Douglass High School competes in the Georgia High School Association Region 6, the state's second-highest classification of 4A.  The school's team are known as the Astros, and its colours are black and gold.

The sports available for the competition are softball, varsity and junior varsity football, cross country, varsity and junior varsity girls' and boys' basketball, track and field, boys' and girls' soccer, golf, and air rifle. All home varsity football games are played at Lakewood Stadium.

The boys' basketball program has won the state championship once (in 1984). However, the team has reached the final four 16 times (1970, 1972, 1973, 1974, 1975, 1976, 1977, 1978, 1980, 1984, 1987, 1988, 1990, 1991, 1993, 1999), and has captured 27 regional championships (1970–1985, 1987–1991, 1993, 1994, 1999, 2008). They have played in the finals seven times (1972, 1973, 1974, 1975, 1976, 1984, 1991).
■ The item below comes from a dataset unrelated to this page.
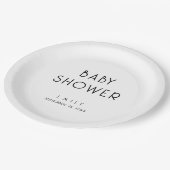 Moderne, einfache Text-Schwarz-Weiß-Babydusche Pappteller (Schrägansicht)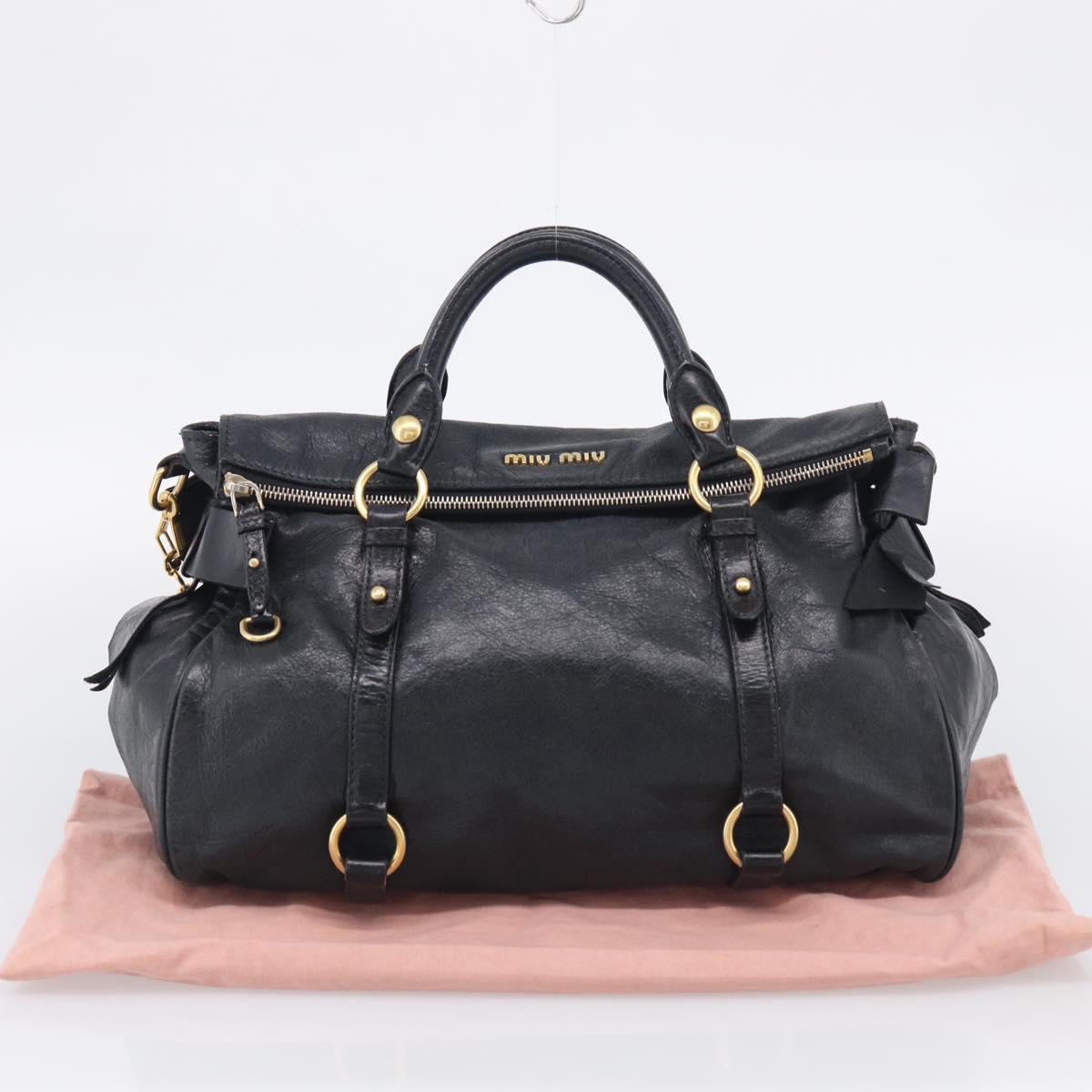 Miu Miu Hand Bag Leather 2way Black Gold Auth 212428M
Douglass' dominance was achieved under two coaches, Donald Dollar (1971–1991) and Jesse Bonner (1992–2000). The girls' basketball team reached their first state final four in March 2007.

The football team has reached the state finals once (1975), and has sent numerous athletes to college on scholarships. They have won five regional championships, in 1975, 1978, 1995, 1998 and 2004.

Douglass has three tennis courts to accommodate their varsity tennis team. Students are encouraged to join whether they are beginners or avid players.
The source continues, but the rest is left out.